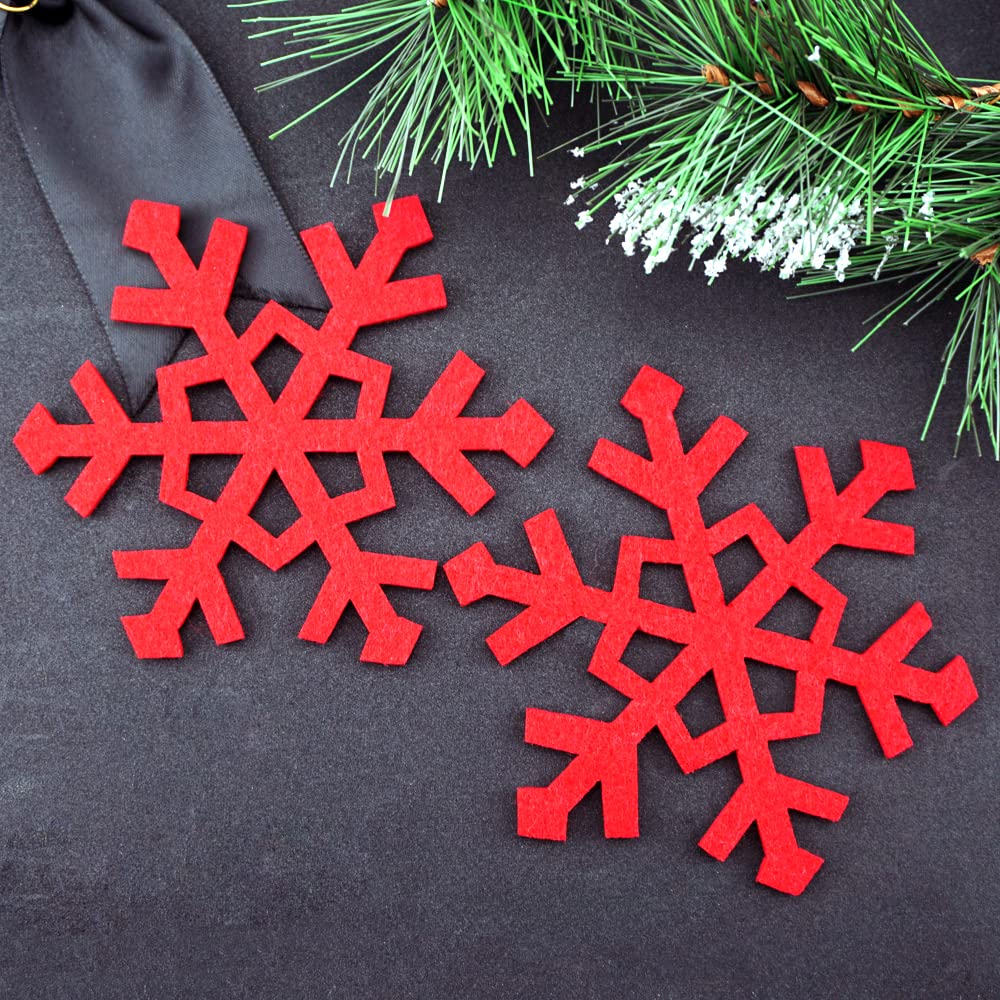 Amazon｜SaktopDeco 赤い雪の結晶フェルトコースターセット 10枚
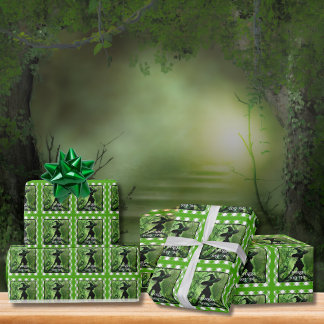 Painted Wickedly Good Witch Green Gingham Plaid Wrapping Paper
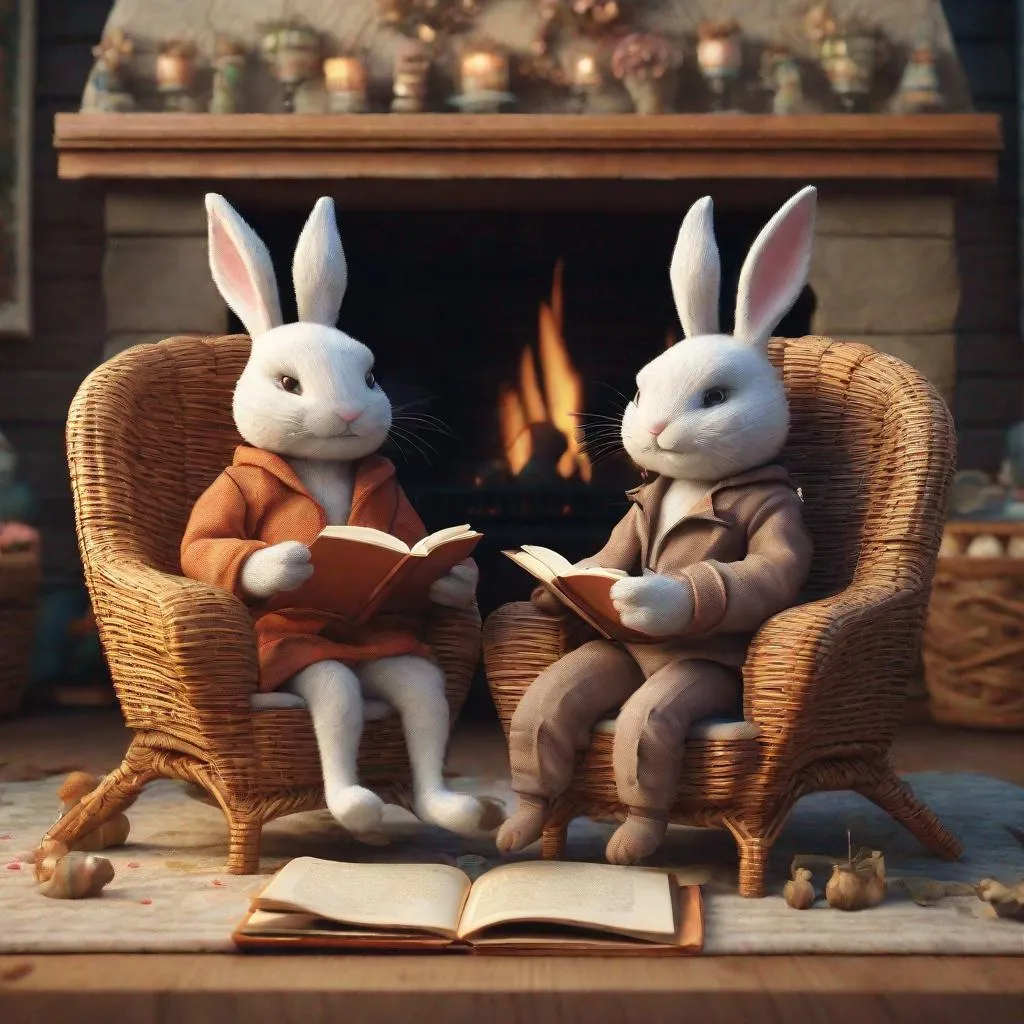 two cute anthropomorphic rabbits sitting in wicker c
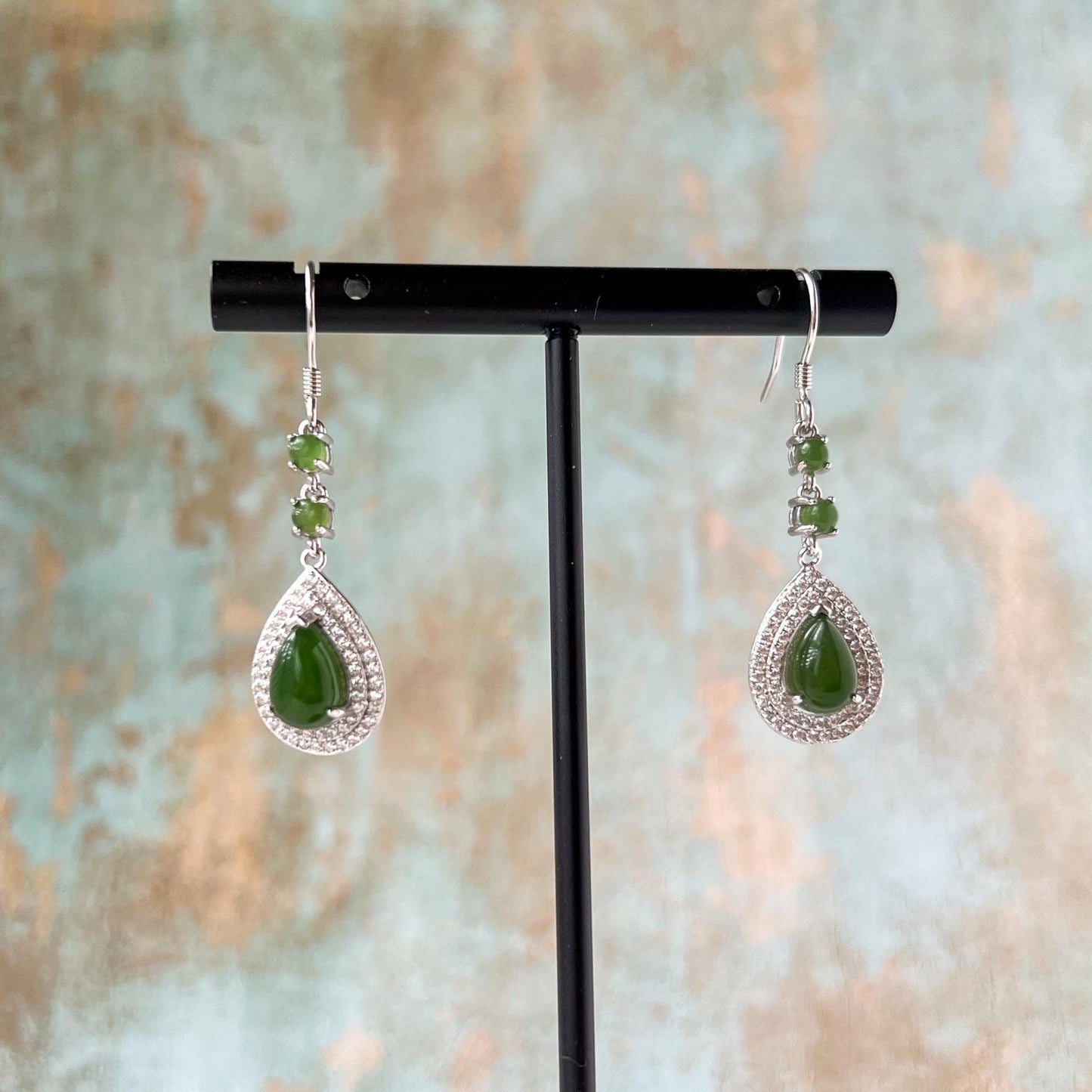 Jade Teardrop Earrings, Green Nephrite Jade Sterling Silver Earrings, JSY-0424-12149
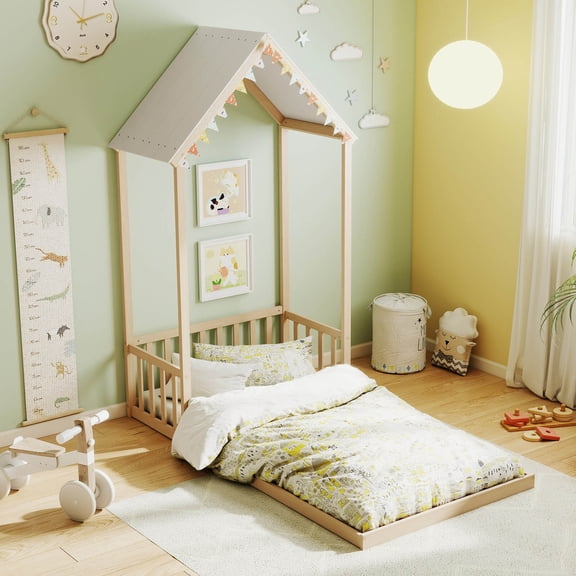 Costway Twin Size House Bed Montessori Floor Bed with House Shape Roof & Semi-Fence Natural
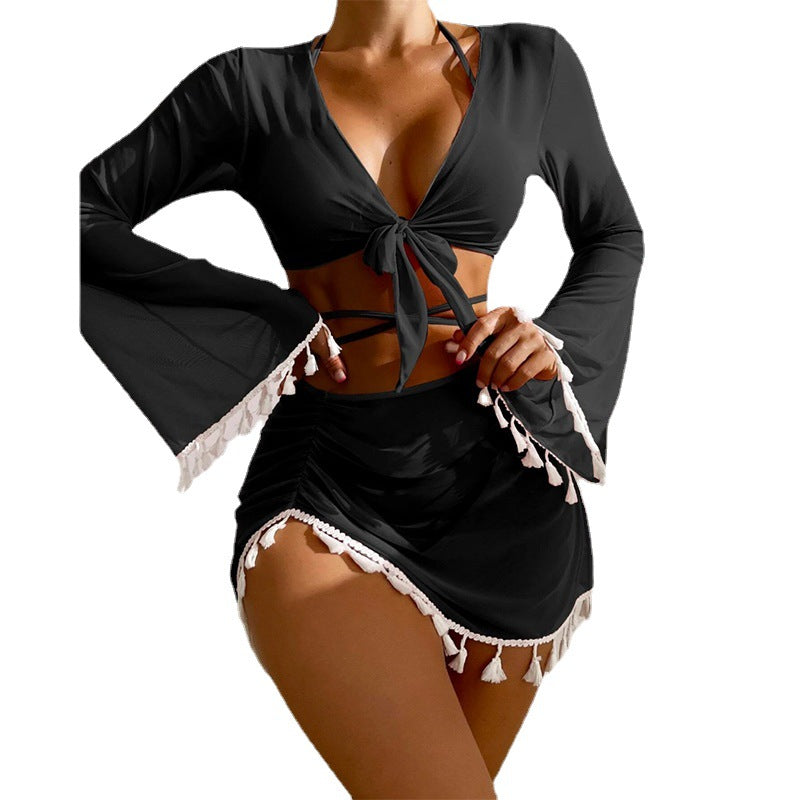 Wholesale Pure Color Fringed Mesh Blouse Short Skirt 4-Piece Set Polyester Swimwear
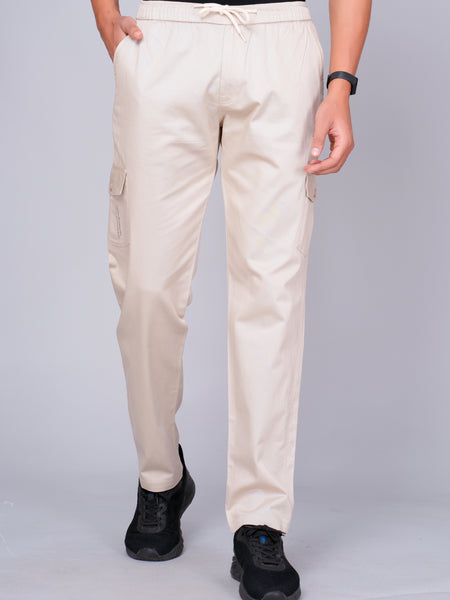 Men’s Cream Cargo Jogger Pants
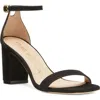 Stuart Weitzman Nudistcurve 75 Block Heel Sandal In Black-suede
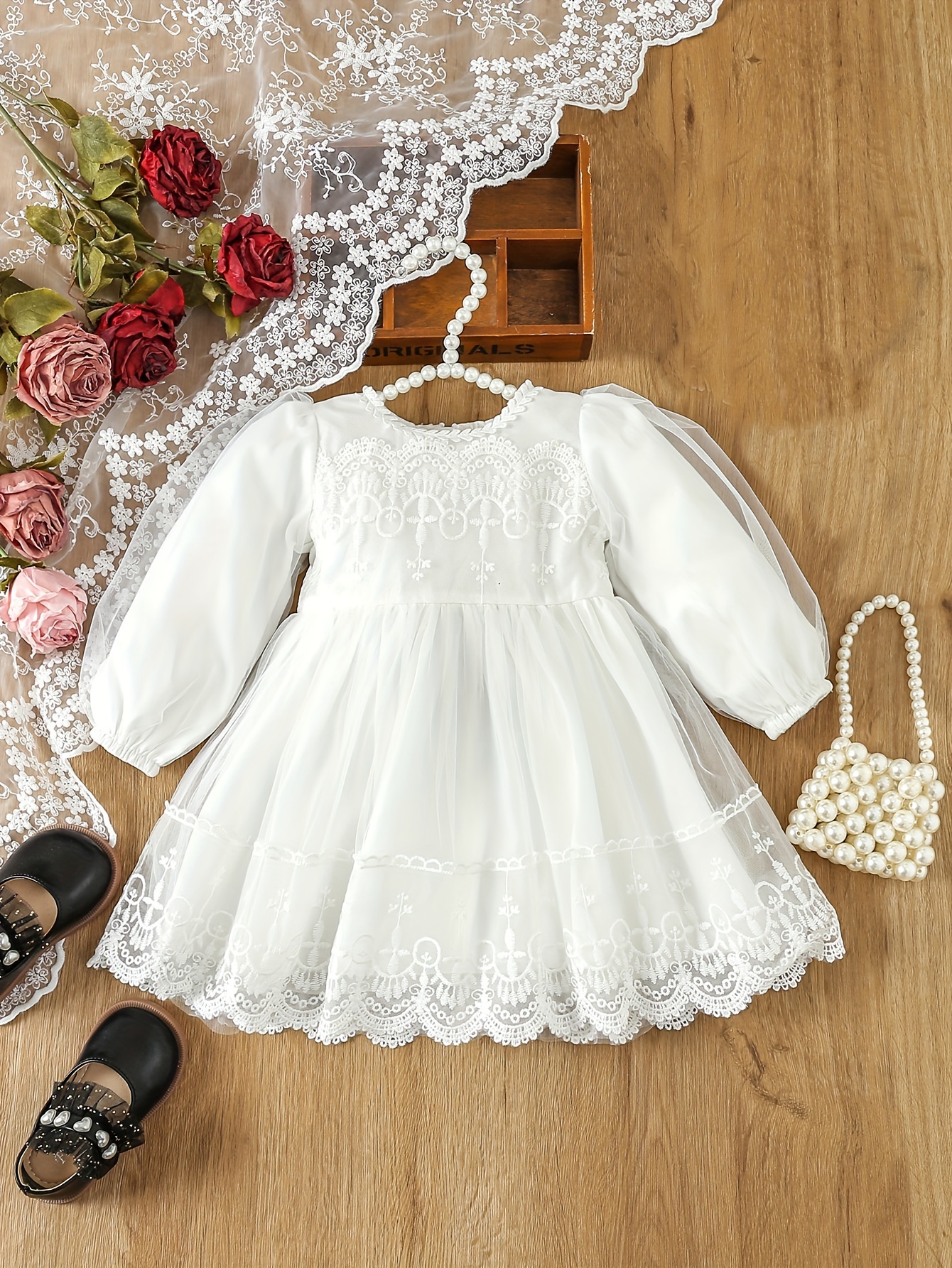 vestido princesa niña sobrevestido encaje bordado floral Temu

**TASK TO COMPLETE**
Give the listing above again word for word, without its pictures.

**EXERCISE RESPONSE**
 Amazon｜SaktopDeco 赤い雪の結晶フェルトコースターセット 10枚
 Painted Wickedly Good Witch Green Gingham Plaid Wrapping Paper
 two cute anthropomorphic rabbits sitting in wicker c
 Jade Teardrop Earrings, Green Nephrite Jade Sterling Silver Earrings, JSY-0424-12149
 Costway Twin Size House Bed Montessori Floor Bed with House Shape Roof & Semi-Fence Natural
 Wholesale Pure Color Fringed Mesh Blouse Short Skirt 4-Piece Set Polyester Swimwear
 Men’s Cream Cargo Jogger Pants
 Stuart Weitzman Nudistcurve 75 Block Heel Sandal In Black-suede
 vestido princesa niña sobrevestido encaje bordado floral Temu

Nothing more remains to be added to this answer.